Work item
For this exercise, return only the lines in the records below from the one holding "2014 Chrysler Town" through the one holding "Raine | Preserved Blooms | Super Mini", including both, exactly as they appear and without pictures.

[Material supplied Boundary: Start]

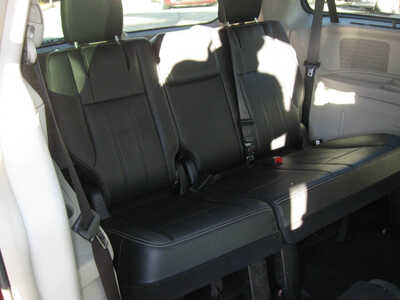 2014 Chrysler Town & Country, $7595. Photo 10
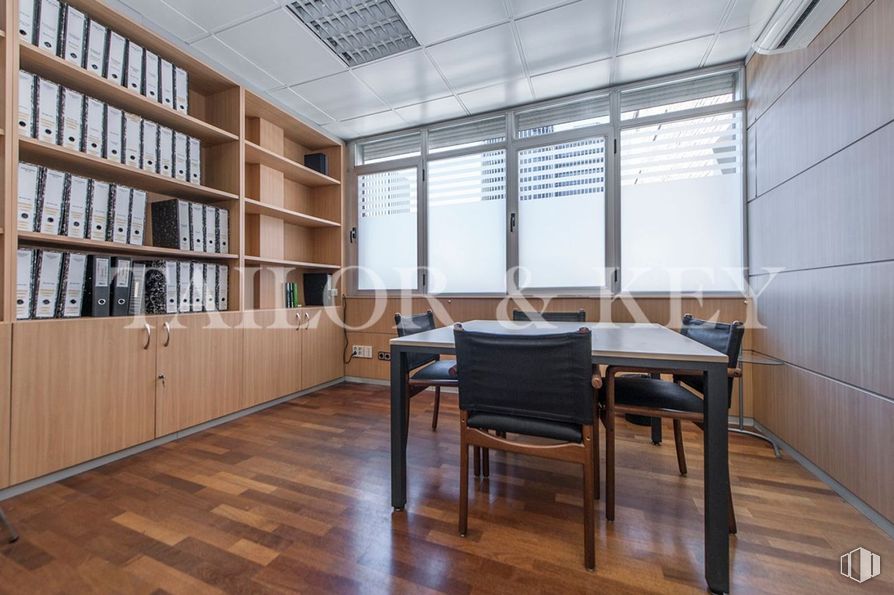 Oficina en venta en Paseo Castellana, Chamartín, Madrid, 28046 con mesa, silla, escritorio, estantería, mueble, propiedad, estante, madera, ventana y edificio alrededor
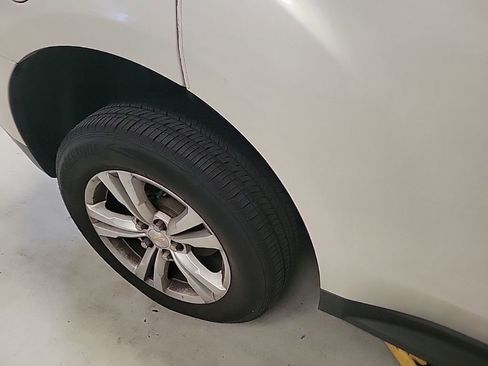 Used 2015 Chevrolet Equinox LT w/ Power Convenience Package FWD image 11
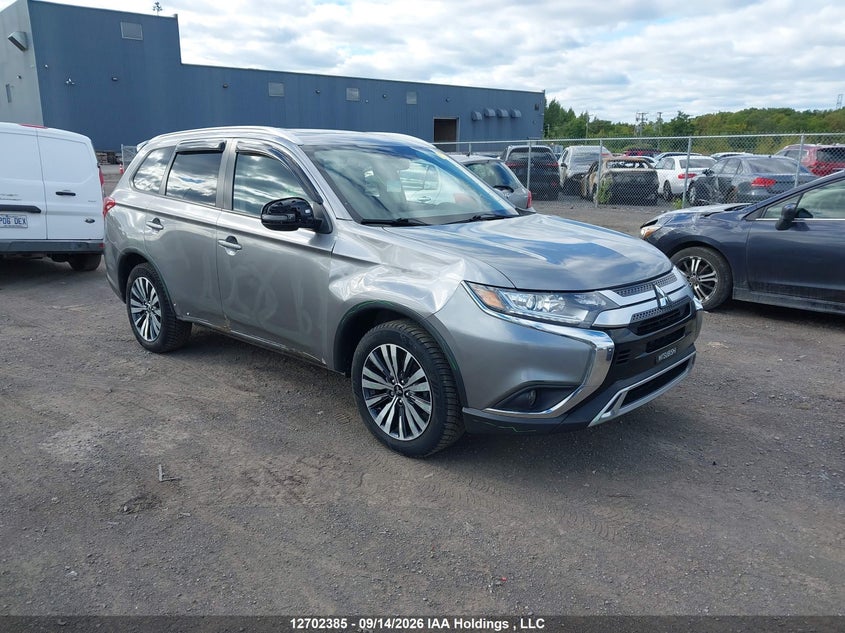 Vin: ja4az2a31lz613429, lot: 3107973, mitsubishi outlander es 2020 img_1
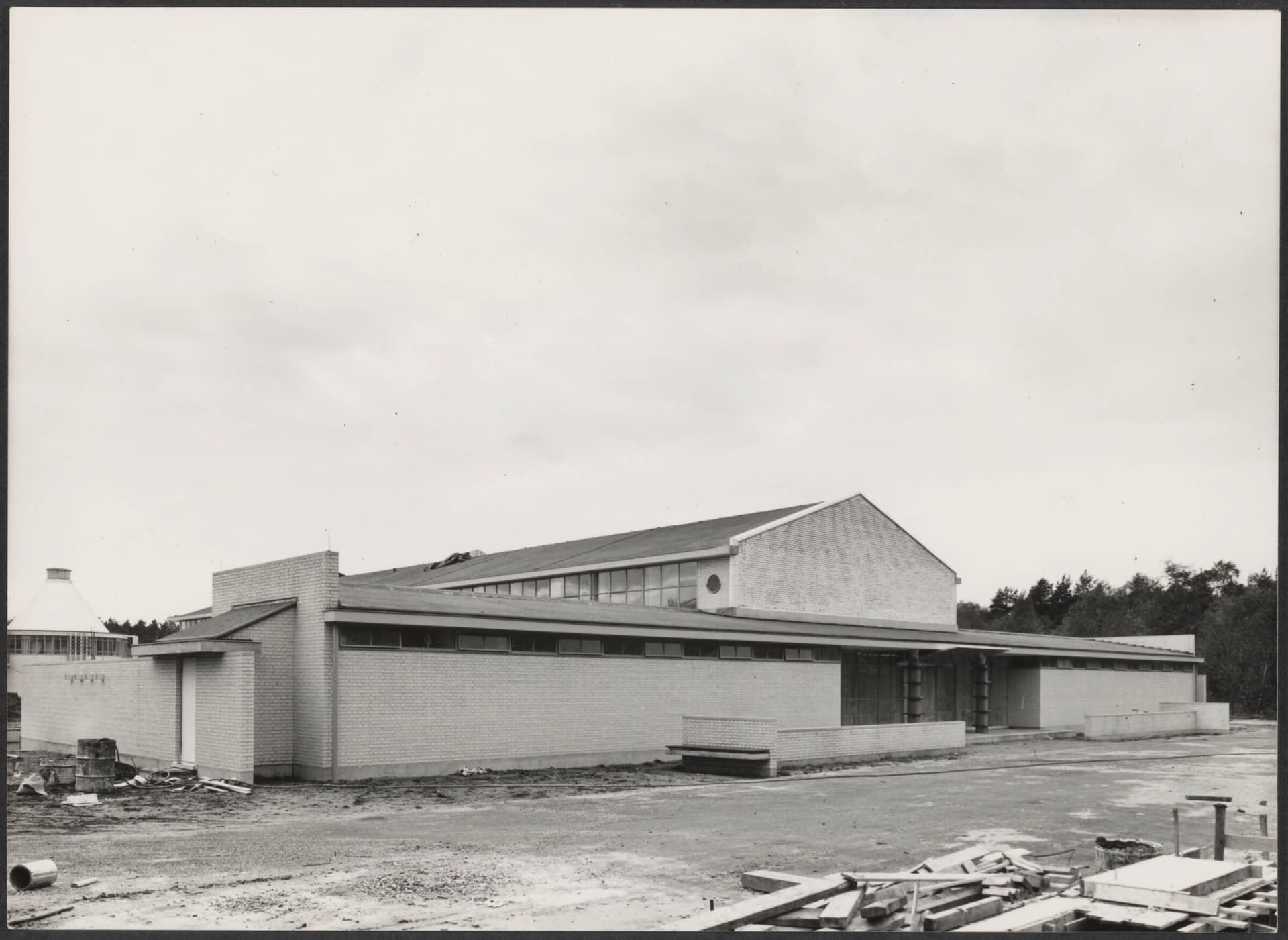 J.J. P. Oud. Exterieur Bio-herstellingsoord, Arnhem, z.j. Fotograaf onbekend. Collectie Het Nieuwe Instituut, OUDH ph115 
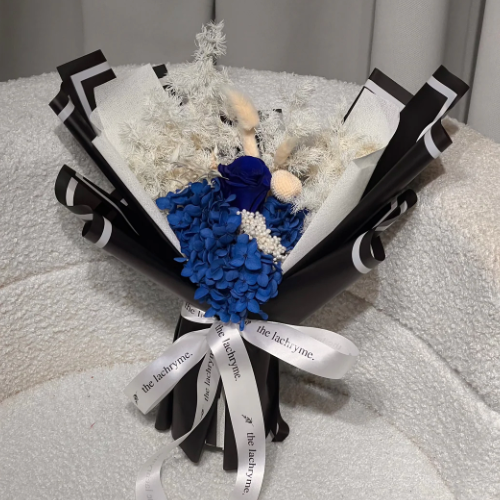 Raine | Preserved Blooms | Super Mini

[Material supplied Boundary: End]
[Material supplied Boundary: Start]

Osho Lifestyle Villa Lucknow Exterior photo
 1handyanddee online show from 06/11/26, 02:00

[Material supplied Boundary: End]
[Material supplied Boundary: Start]

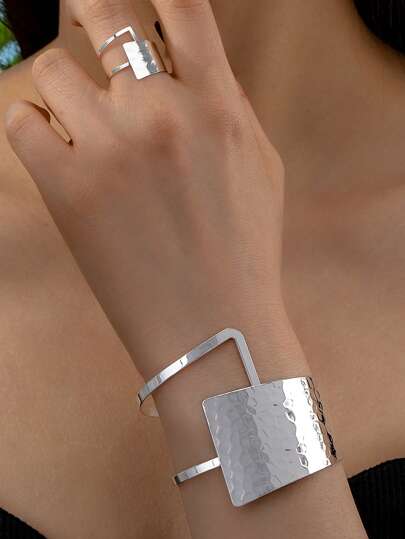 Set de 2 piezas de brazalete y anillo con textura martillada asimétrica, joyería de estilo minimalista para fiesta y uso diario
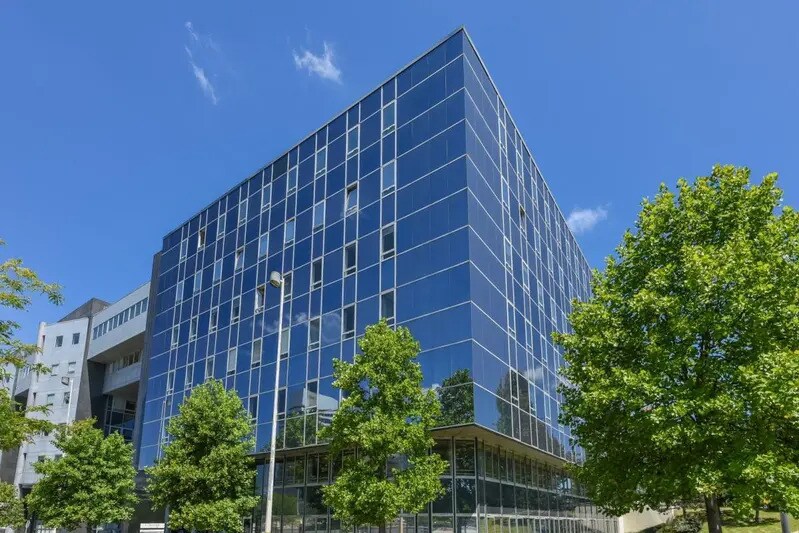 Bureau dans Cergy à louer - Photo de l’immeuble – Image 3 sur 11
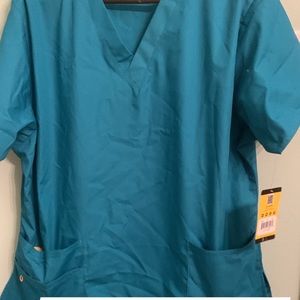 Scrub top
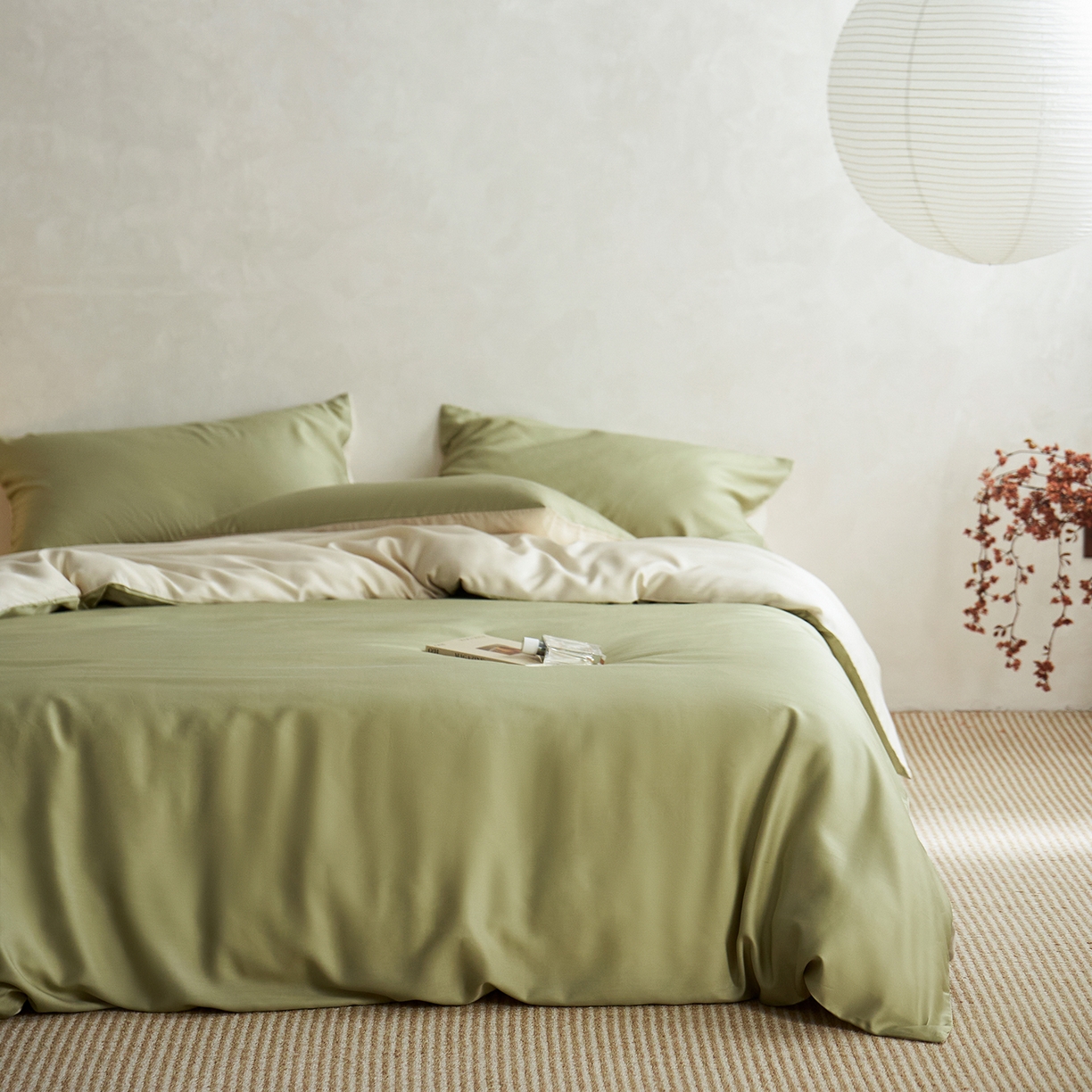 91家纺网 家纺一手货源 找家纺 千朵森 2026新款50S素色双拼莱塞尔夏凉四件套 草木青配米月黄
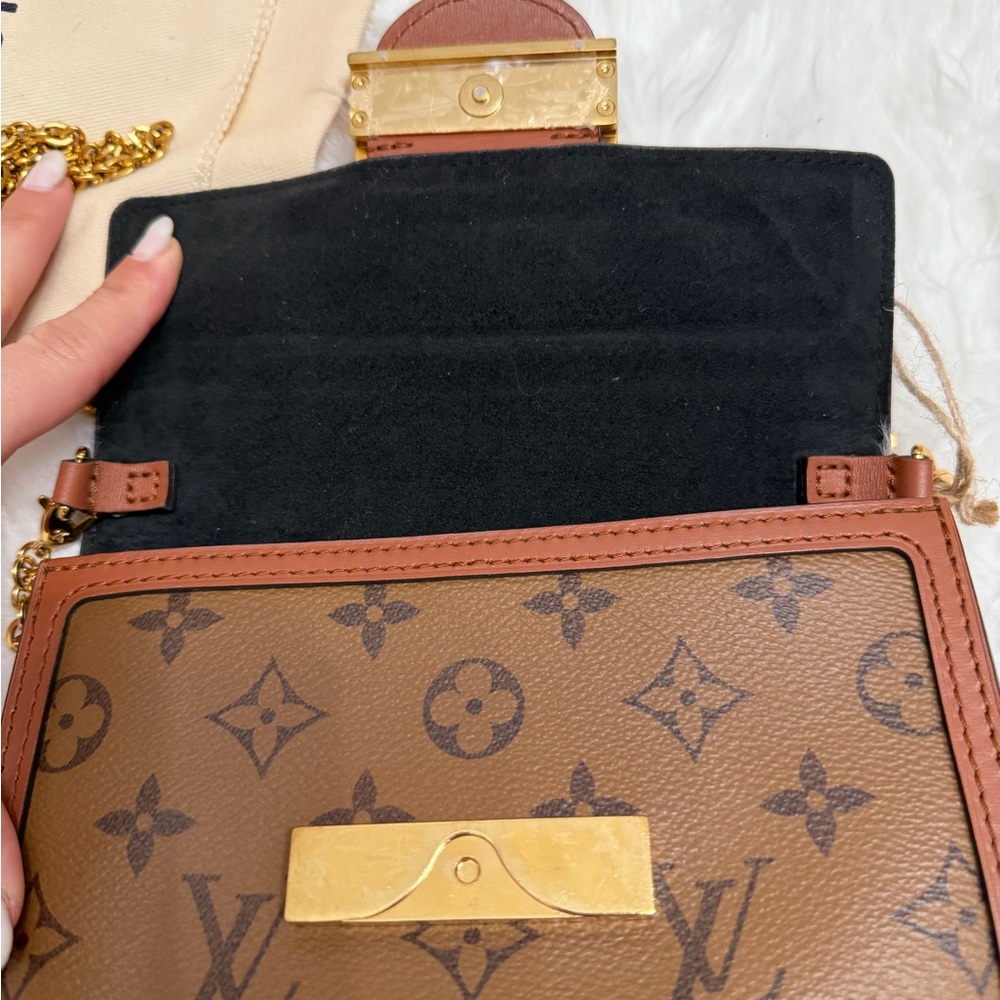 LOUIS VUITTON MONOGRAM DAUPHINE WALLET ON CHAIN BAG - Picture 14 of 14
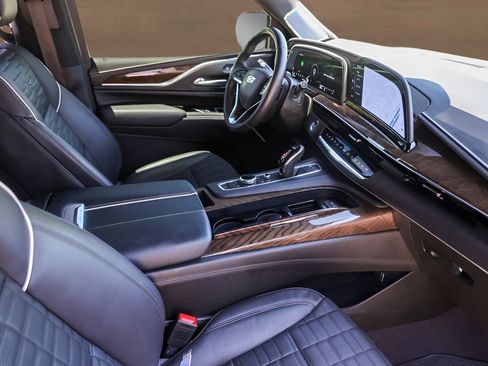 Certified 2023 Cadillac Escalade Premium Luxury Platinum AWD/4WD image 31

[Material supplied Boundary: End]

Your response
 2014 Chrysler Town & Country, $7595. Photo 10
 Oficina en venta en Paseo Castellana, Chamartín, Madrid, 28046 con mesa, silla, escritorio, estantería, mueble, propiedad, estante, madera, ventana y edificio alrededor
 Used 2015 Chevrolet Equinox LT w/ Power Convenience Package FWD image 11
 Vin: ja4az2a31lz613429, lot: 3107973, mitsubishi outlander es 2020 img_1
 J.J. P. Oud. Exterieur Bio-herstellingsoord, Arnhem, z.j. Fotograaf onbekend. Collectie Het Nieuwe Instituut, OUDH ph115 
 Raine | Preserved Blooms | Super Mini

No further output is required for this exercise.